Nathan Bedford Forrest
From Dixiepedia: The PC-Free Encyclopedia
Biography
Nathan Bedford Forrest (13 July 1821 – 29 October 1877) was born to poor Scotch-Irish parents in Chapel Hill, Tennessee. Uneducated but not illiterate, he had amassed a fortune estimated at $1,500,000, as a slave trader and plantation owner before enlisting in the Confederate army as a private in Josiah H. White's cavalry company on 14 June 1861. He recruited men who could furnish their own weapons and he equipped the group at his own expense. He developed raiding tactics that made his cavalry a superb strike force. Nicknamed "That Devil Forrest," he was feared by both Generals Ulysses S. Grant and William Tecumseh Sherman.
He died of diabetes at Memphis, Tennessee at the age of 57. Services were held at Court Avenue Presbyterian Church with an oration given by Jefferson Davis. A funeral procession formed at the church by thousands of marchers who then proceeded to accompany the body to Elmwood Cemetery where it was interred. In 1905, the remains of he and his wife were moved to what is now known as Forrest Park on Union Avenue in downtown Memphis.

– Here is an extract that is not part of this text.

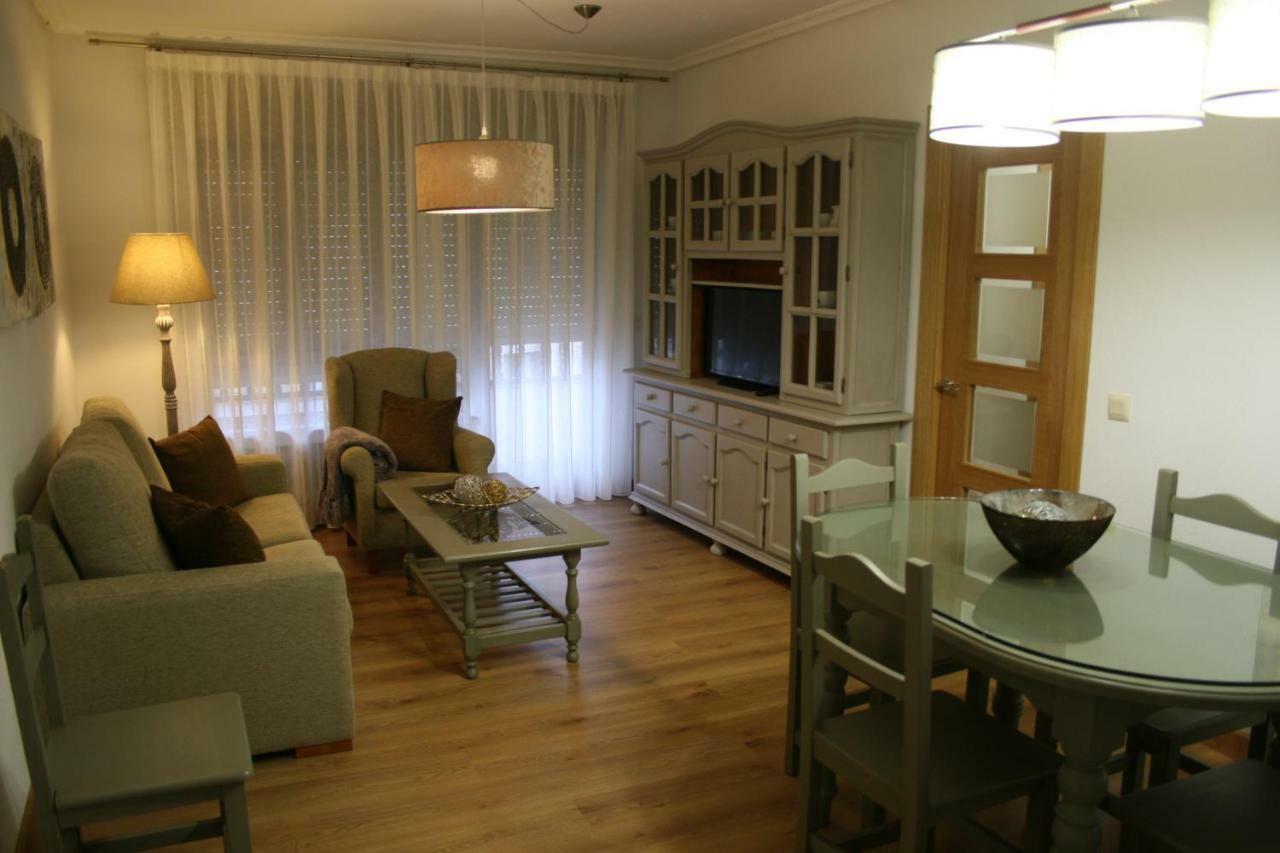 Apartamento La Muyerina Llanes Eksteriør billede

His Involvement in the Ku Klux Klan
Forrest testified in 1871 before the Joint Congressional Committee on Affairs in the Insurrectionary States that the Ku Klux Klan organization "was intended entirely as a protection to the people, to enforce the laws, and protect the people against outrages" (Report of the Joint Congressional Committee on Affairs in the Insurrectionary States [Washington, D.C.: Government Printing Office, 1872], Volume XIII, page 3).
His Reported Conversion
In his book, Nathan Bedford Forrest (New York: Alfred A. Knopf, 1993, page 370), author Jack Hurst gave the following account of Forrest's reported conversion to Christianity near the end of his life:
On the evening of November 14, 1875, the Reverend George T. Stainback, minister of the Court Street Cumberland Presbyterian Church in Memphis, preached on the parable of the builders in Jesus Christ's Sermon on the Mount. Present as usual was Mary Ann Forrest, but beside her this night sat her husband. In those verses from the Book of Matthew, he saw all the withered fruit of his life's grand enterprises. At the service's end, he stopped at the church door and waited for Stainback to come out and bid a customary farewell to the flock. "He took my arm, and we passed [to] the pavement below," the clergyman, who had known Forrest for a quarter century, would remember two years later. At the sidewalk, Stainback said, Forrest suddenly leaned against the wall and his eyes filled with tears. "Sir, your sermon has removed the last prop from under me," he said, "I am the fool that built on the sand; I am a poor miserable sinner." He looked "all shaken," recalled Stainback, who recommended that he study Psalm 51 to find spiritual relief. The next evening the minister visited him for a talk and prayer, and after the latter, Forrest rose from his knees to say he felt "satisfied. All is right. I put my trust in my Redeemer."
Not long afterward, when asked what had brought about his sudden abandonment of a lifetime of respectful non-acceptance of the faith, he replied with humor. "Why, it was perfectly simple," he said. "I was down on my plantation on the island and I took sick and thought my last chance had come and I took it!"